Doch Mitgliederschwund und Finanzierungsprobleme sind nicht allein für die aktuelle Lage der US-Gewerkschaften verantwortlich – erst recht nicht in den relativ neuen Werken der deutschen Unternehmen. Hier hat Hübner eine andere Ursache ausgemacht: „Es gibt viel Unwissenheit über das Arbeitsrecht in vielen US-Bundesstaaten.“

Denn neben den Right-to-Work-Regeln haben einige Staaten noch weitere Gesetze etwa zum Mindestlohn oder Kündigungsschutz. Damit hat auch Heiko Juerges Erfahrung gemacht. Als Geschäftsführer eines IT-Dienstleisters kam er vor einigen Jahren zusammen mit VW nach Chattanooga. Eines seiner Probleme: Angestellte können ohne Kündigungsfrist von heute auf morgen das Unternehmen verlassen. Da in der Regel kein Ersatz angelernt werden konnte, geht so regelmäßig wichtiges Wissen verloren.

Immer schwerer gute Qualität zu produzieren

„Wir haben sogar Anwälte zurate gezogen, um eine Lösung zu finden, wie wir unsere Mitarbeiter längerfristig an uns binden können. Etwa durch mehr Gehalt oder andere Vorteile, wenn er einen mehrjährigen Vertrag unterschreibt“, sagt Juerges. „Aber das ist in Tennessee per Gesetz nicht möglich.“

Dazu kommt, dass viele Amerikaner bereits für ein geringes Lohnplus den Arbeitgeber wechseln und sogar größere Umzüge auf sich nehmen. Ein Beispiel: Als General Motors die im Zuge der Krise 2009 stillgelegte Fabrik in Spring Hill reaktivierte, haben sie mit großflächigen Anzeigen im Umfeld eines nahegelegenen Nissan-Werks geworben. Da GM besser zahlte, konnten sie sich die besten Nissan-Angestellten sichern.

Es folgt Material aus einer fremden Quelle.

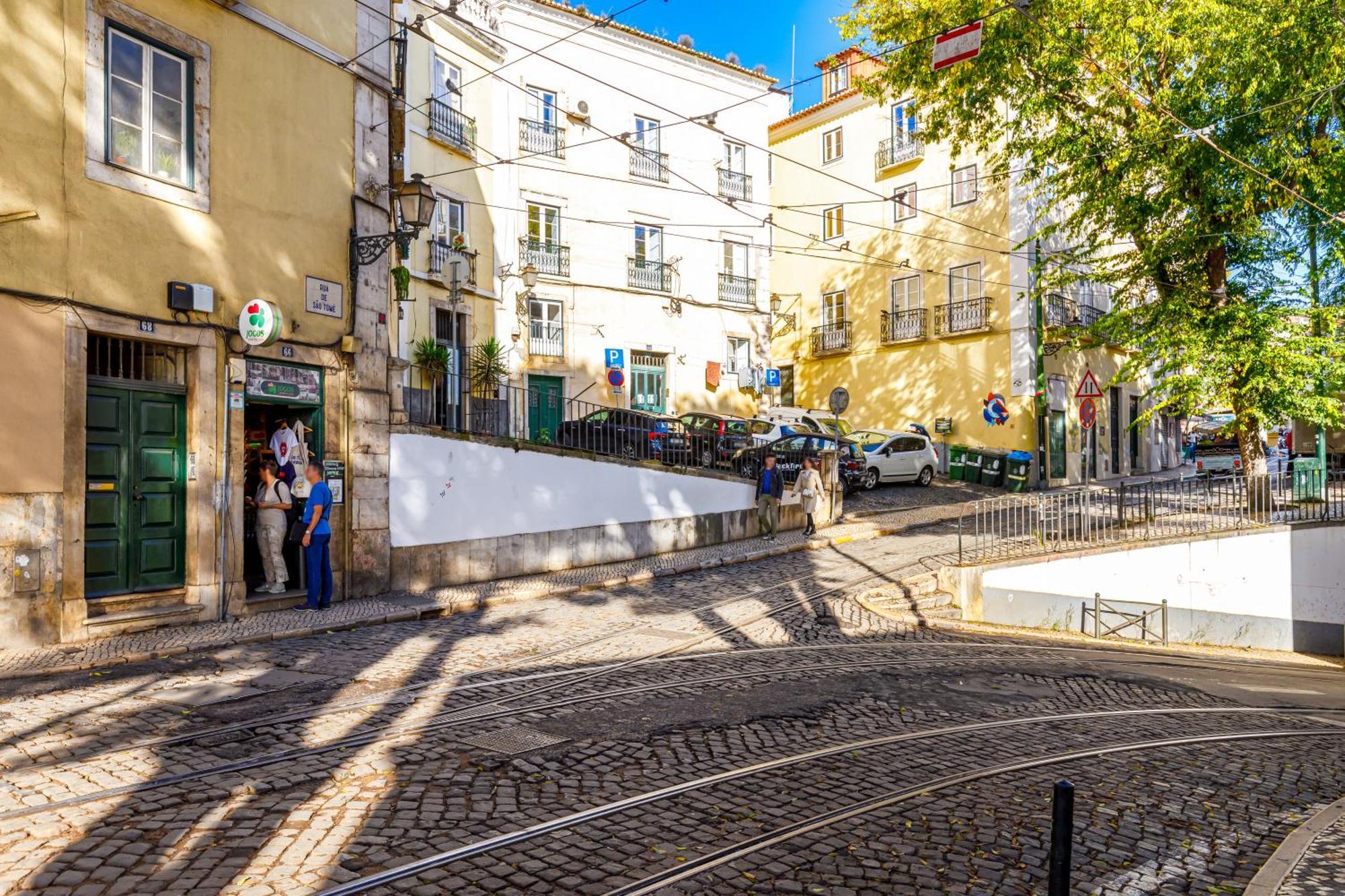 Typical Apartment Alfama-Center Lisboa Dış mekan fotoğraf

Wie bei Juerges‘ H&D Corporation geht so wichtiges Knowhow verloren – und wenn noch zur direkten Konkurrenz, ist das umso schmerzhafter. Auch VW ist davon nicht verschont: Aus dem Umfeld des Werks in Chattanooga ist zu hören, dass jedes Jahr rund ein Viertel des Personals das Unternehmen wechselt. Mit dieser Fluktuation ist es umso schwerer, gute Qualität zu produzieren.

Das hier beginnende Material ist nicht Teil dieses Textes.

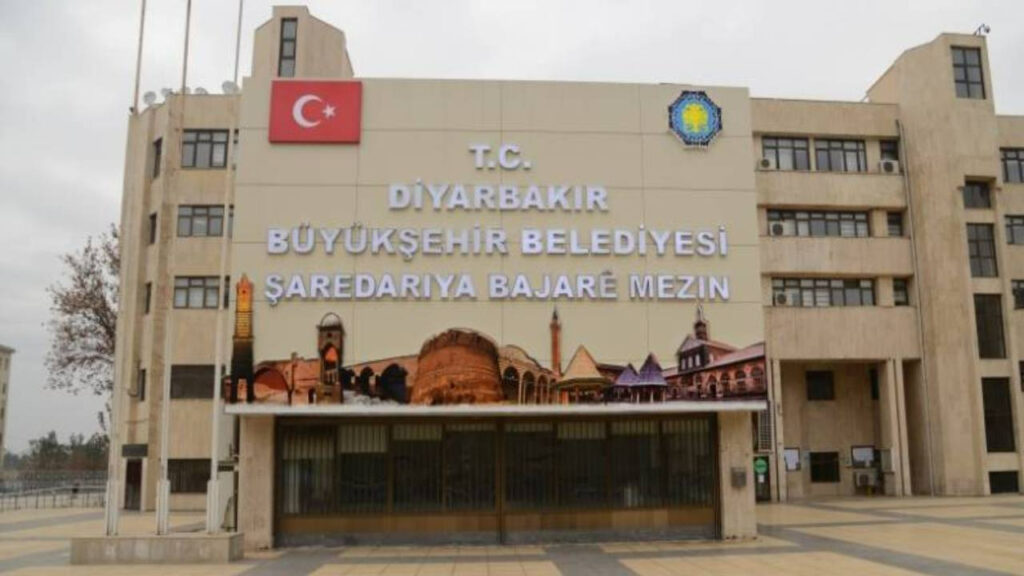 Diyarbakır’da DEM dönemi: 11 Daire başkanı görevden alındı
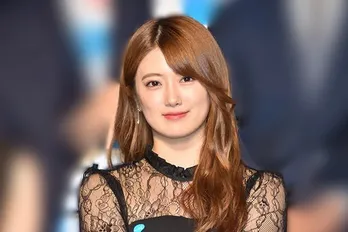 樋口日奈、秋元真夏と乃木坂46のライブへ…山下美月ら現乃木坂メンバーと集合ショット公開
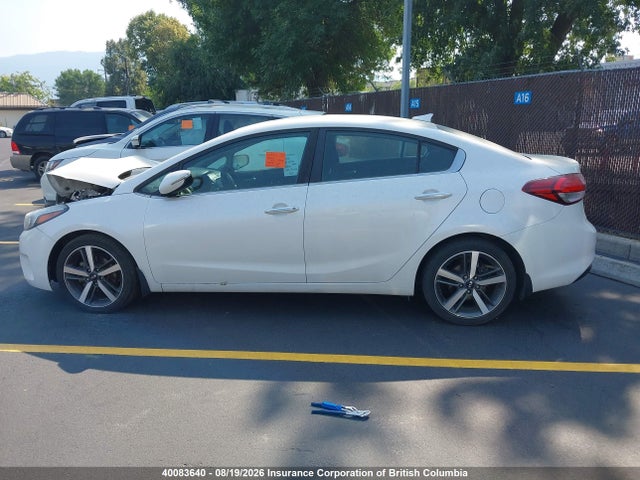 2017 Kia Forte მანქანა იყიდება აუქციონზე, vin: 3KPFL4A83HE056305, აუქციონის ნომერი: 40083640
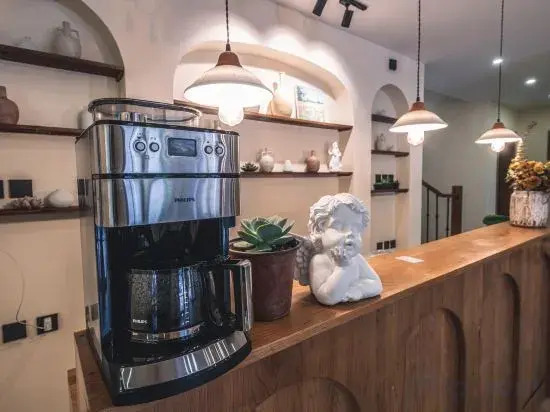 White Bird Field B&B (Jiu Shan Shan)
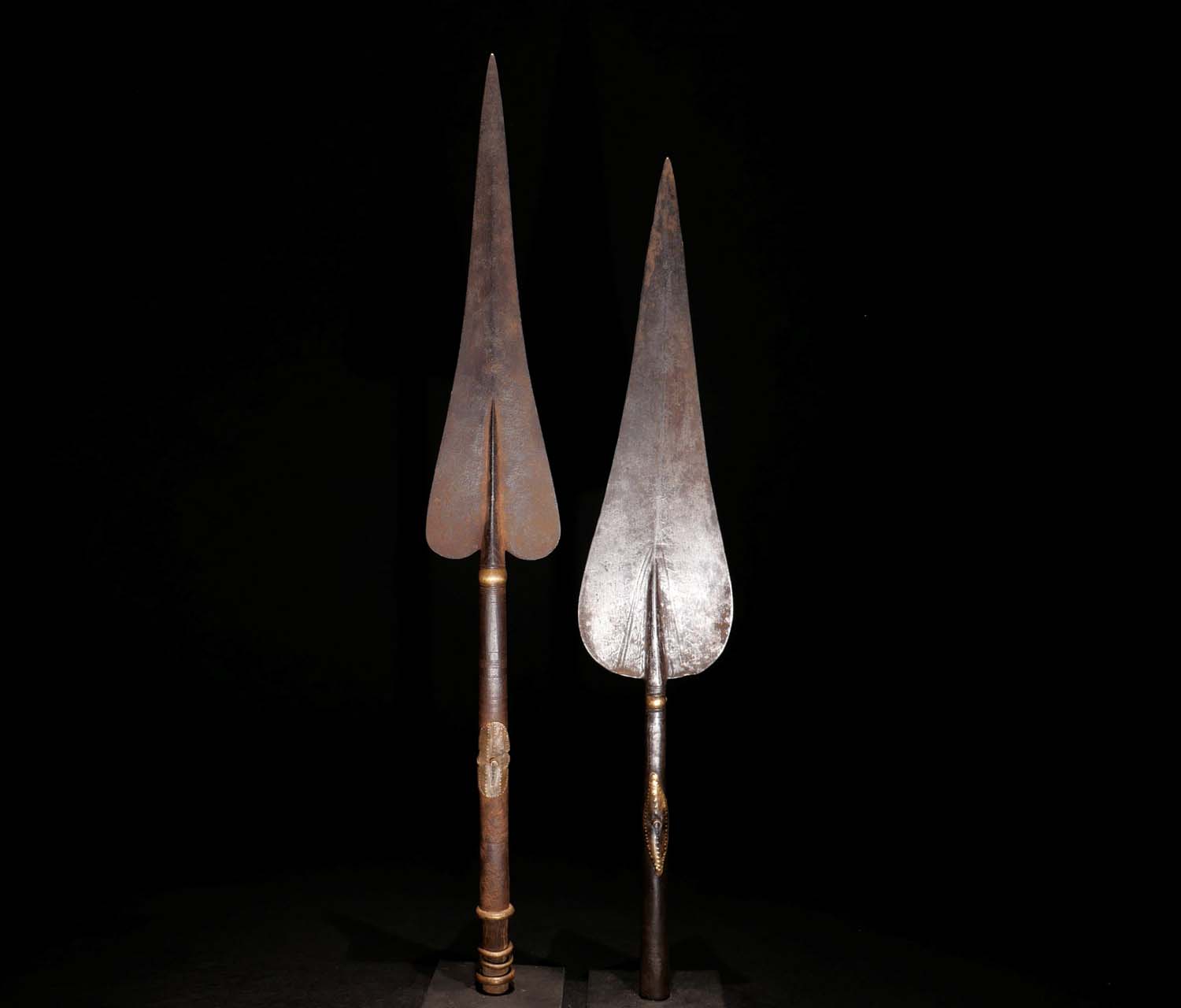 Zwei Speerspitzen. Eisen geschmiedet. Verzierungen aus Messing. Erworben in Tireli, Dogon / Mali. H 68 cm, 300.- €, H 61 cm, 250.- €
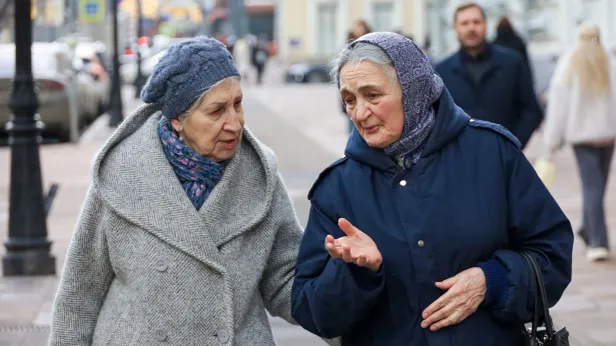 Стабильность, грядки и домино: как жили пенсионеры в СССР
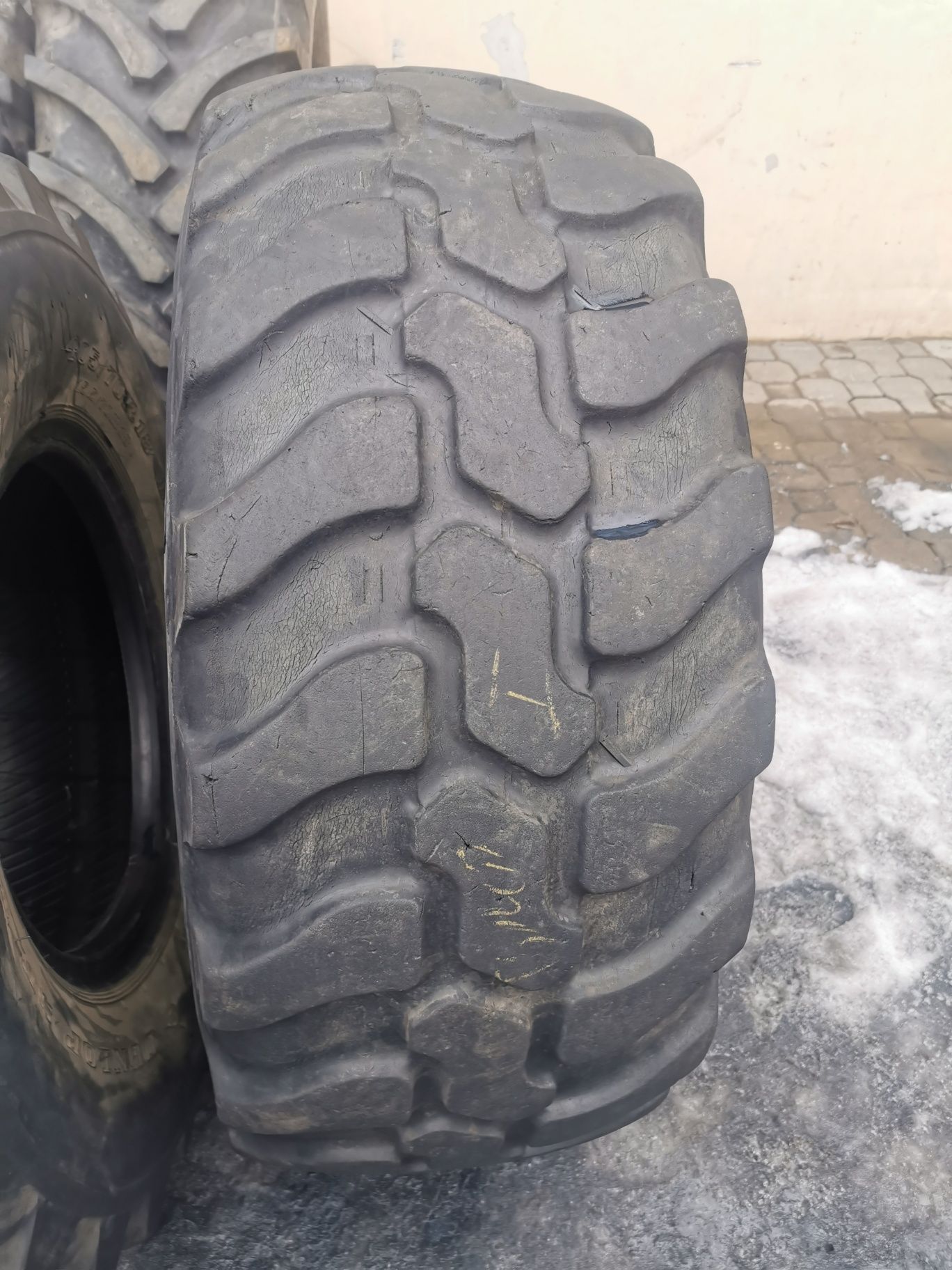 Opony 405/70R18 ( 15.5/70R18 ) Dunlop SP T9P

von Stefan Grundhoff, Rebecca Eisert, Martin Seiwert

Das Werk in Chattanooga gerät in Deutschland immer wieder in die Schlagzeilen: 2014 hatte die gesamte Belegschaft mit 712 zu 626 Stimmen gegen den Beitritt zur UAW gestimmt – ob auf Druck des Managements oder der allgemeinen Gewerkschafts-Skepsis in den Südstaaten sei dahingestellt. Dabei war es schon mehr als unüblich, dass es überhaupt zu dieser Abstimmung gekommen war.

Die gewerkschaftliche Organisation ist für VW aber immer noch nicht ausgestanden: Inzwischen haben sich die Mitarbeiter der Instandhaltung mit 108 zu 44 Stimmen für die UAW ausgesprochen. Volkswagen weigert sich allerdings bis heute, mit den auf Wartungsarbeiten spezialisierten Angestellten einen eigenen Tarif auszuhandeln – man wolle die Belegschaft nicht spalten.

Die US-Behörde für Arbeitsbeziehungen (NLRB) hat im April Volkswagen zwar angewiesen, die Tarifverhandlungen aufzunehmen, doch gegen den Bescheid haben die Niedersachsen inzwischen Berufung eingelegt. Das Argument ist das gleiche: Man wolle keine Trennung der Belegschaft in Mitarbeiter der Produktion und der Instandhaltung.

Die Entscheidung über die Berufung steht noch aus. Egal ob sie für oder gegen die Gewerkschaft ausfällt, die Gesamtsituation wird nicht einfacher.

Für Hübner und das Transatlantic Labor Institute gibt es also noch viel zu tun.